Les fondements de la culture orthodoxe sont une matière scolaire largement enseignée depuis la fin des années 90 dans de nombreuses régions de la Russie. Cette matière est strictement optionnelle. Son enseignement, comme le montrent les résultats de nombreuses études, contribue à la moralité des élèves ainsi qu’à la prévention des conflits interethniques. Le ministère de l’instruction publique a essayé d’appliquer cette pratique dans l’ensemble du pays. Cela suscita des protestations violentes de la part de secteurs influents de l’opinion et provoqua des accusations de « cléricalisation de l’enseignement ». Les amendements qui furent apportés aux textes de loi en 2008 ont rendu difficile l’enseignement optionnel des fondements de la culture orthodoxes dans le secondaire. Le patriarche Cyrille ainsi que les responsables des religions traditionnelles de la Russie ont rédigé une lettre commune au président Medvedev. Ils le priaient de faire de sorte « à ce que les élèves du secondaire et leurs parents puissent opter pour un enseignement de l’histoire et de la culture des religions traditionnelles, - orthodoxie, islam, bouddhisme et judaïsme. Cette matière ferait ainsi partie intégrante des programmes scolaires ».
Le président Medvedev adopta une attitude positive à l’égard de cette demande. Plusieurs régions de la Russie ont actuellement introduit à titre d’essai l’enseignement optionnel des fondements de l’une des religions traditionnelles ou de la morale civique.

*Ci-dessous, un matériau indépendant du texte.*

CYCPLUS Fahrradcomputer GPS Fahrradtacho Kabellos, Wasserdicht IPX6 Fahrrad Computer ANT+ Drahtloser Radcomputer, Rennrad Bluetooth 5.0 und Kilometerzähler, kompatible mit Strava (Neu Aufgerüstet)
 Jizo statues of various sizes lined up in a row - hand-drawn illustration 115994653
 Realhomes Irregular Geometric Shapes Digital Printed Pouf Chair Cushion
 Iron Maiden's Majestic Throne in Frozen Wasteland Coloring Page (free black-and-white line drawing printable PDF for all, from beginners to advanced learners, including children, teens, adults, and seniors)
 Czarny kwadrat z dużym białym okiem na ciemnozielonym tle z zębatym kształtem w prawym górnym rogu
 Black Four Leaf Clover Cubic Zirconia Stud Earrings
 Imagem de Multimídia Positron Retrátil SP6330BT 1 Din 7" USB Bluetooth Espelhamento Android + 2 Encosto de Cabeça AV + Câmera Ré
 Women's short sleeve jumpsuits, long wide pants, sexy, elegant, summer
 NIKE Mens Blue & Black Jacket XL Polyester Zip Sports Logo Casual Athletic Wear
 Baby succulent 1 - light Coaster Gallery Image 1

A la suite de l’effondrement du régime soviétique le statut de l’Eglise quant au régime de propriété n’a pratiquement pas changé. La plupart des monastères et des églises à l’exception de ceux construits au cours des vingt dernières années restent propriété publique. Cela se rapporte également aux icônes et objets du culte qui avaient été confisqués à l’Eglise dès l’avènement du régime bolchevik. Un projet de loi vient d’être adopté en première lecture qui porte sur « la restitutions aux entités religieuses des biens ayant une destination religieuse ». Il ne s’agit pas aujourd’hui d’une restitution inconditionnelle des biens mobiliers et immobiliers que l’Eglise possédait avant la révolution de 1917. L’Eglise estime que ses biens mobiliers et immobiliers confisqués par le régime soviétique doivent lui être restitués sans conditions et non dans le cadre d’un régime de rachat ou de location comme le préconise le code foncier en vigueur. La législation fiscale confère aux entités religieuses des avantages importants. Elles sont dispensées de taxes foncières sur les terrains où se trouvent des bâtiments religieux. Cette dispense ne s’applique pas aux terrains non bâtis. La législation foncière actuelle ne confère pas aux entités religieuses une jouissance gratuite et permanente de ces terrains comme cela était le cas avant 1917. Il est proposé à l’Eglise de racheter ou de prendre en location les terrains actuellement à sa disposition. Nous estimons que cela est injuste car les terrains en question avaient été arbitrairement confisqué par les soviets et n’avaient pas été utilisé conformément à leur destination première. Il serait injuste que l’Eglise paye pour les obtenir à nouveau les prix en vigueur sur le marché.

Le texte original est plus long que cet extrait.